■ **WHAT YOU SHOULD DO**: Look through the records below for the line with "Women's red parka" and the line with "Brown cream swoosh", then return those lines and all lines between, exactly.

■ **TASK INPUTS**:

+++++

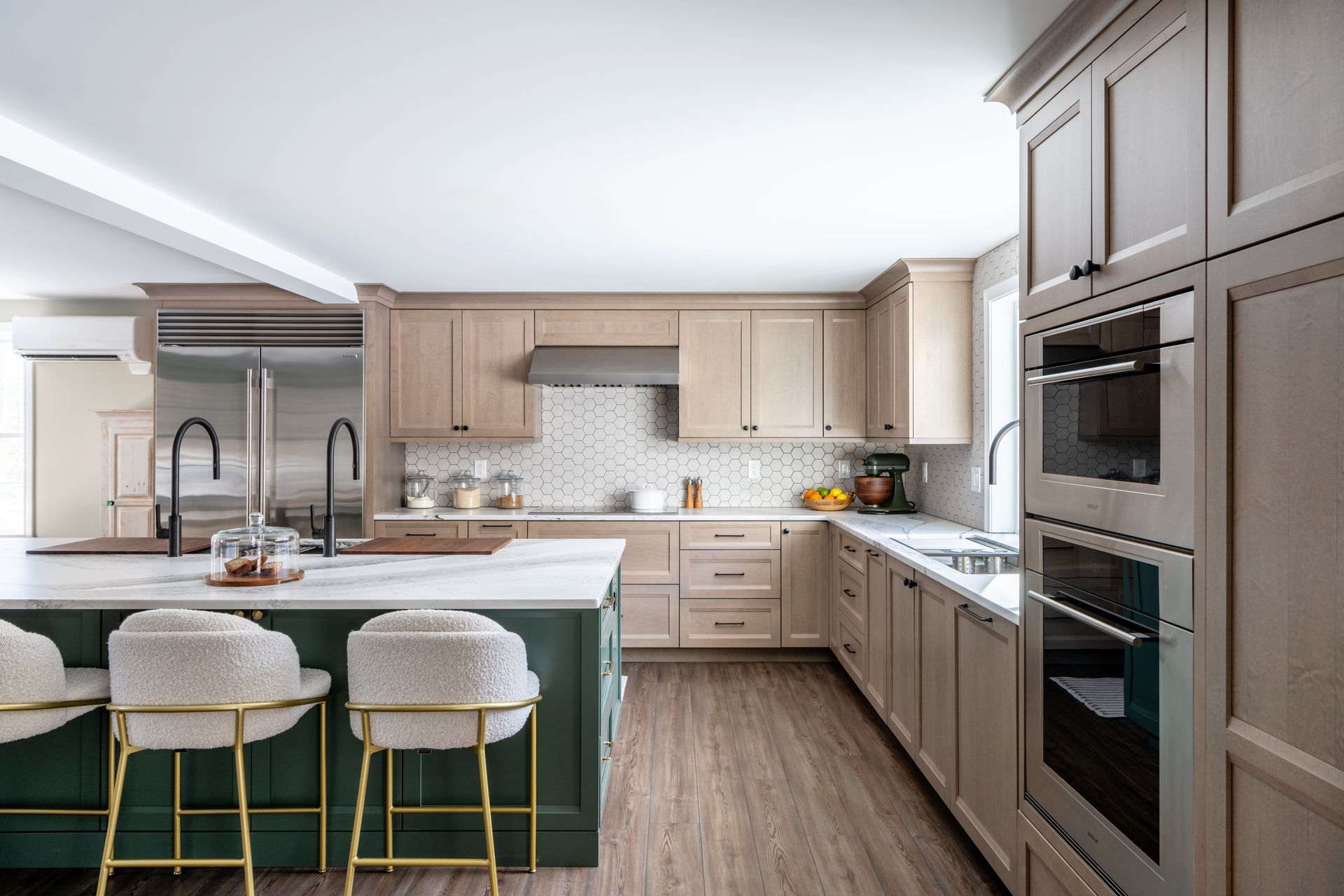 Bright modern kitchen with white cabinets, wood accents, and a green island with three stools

+++++

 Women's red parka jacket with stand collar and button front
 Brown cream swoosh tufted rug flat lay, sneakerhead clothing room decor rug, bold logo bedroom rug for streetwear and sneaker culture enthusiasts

+++++

■ **RESULT OF THE TASK**:
 Women's red parka jacket with stand collar and button front
 Brown cream swoosh tufted rug flat lay, sneakerhead clothing room decor rug, bold logo bedroom rug for streetwear and sneaker culture enthusiasts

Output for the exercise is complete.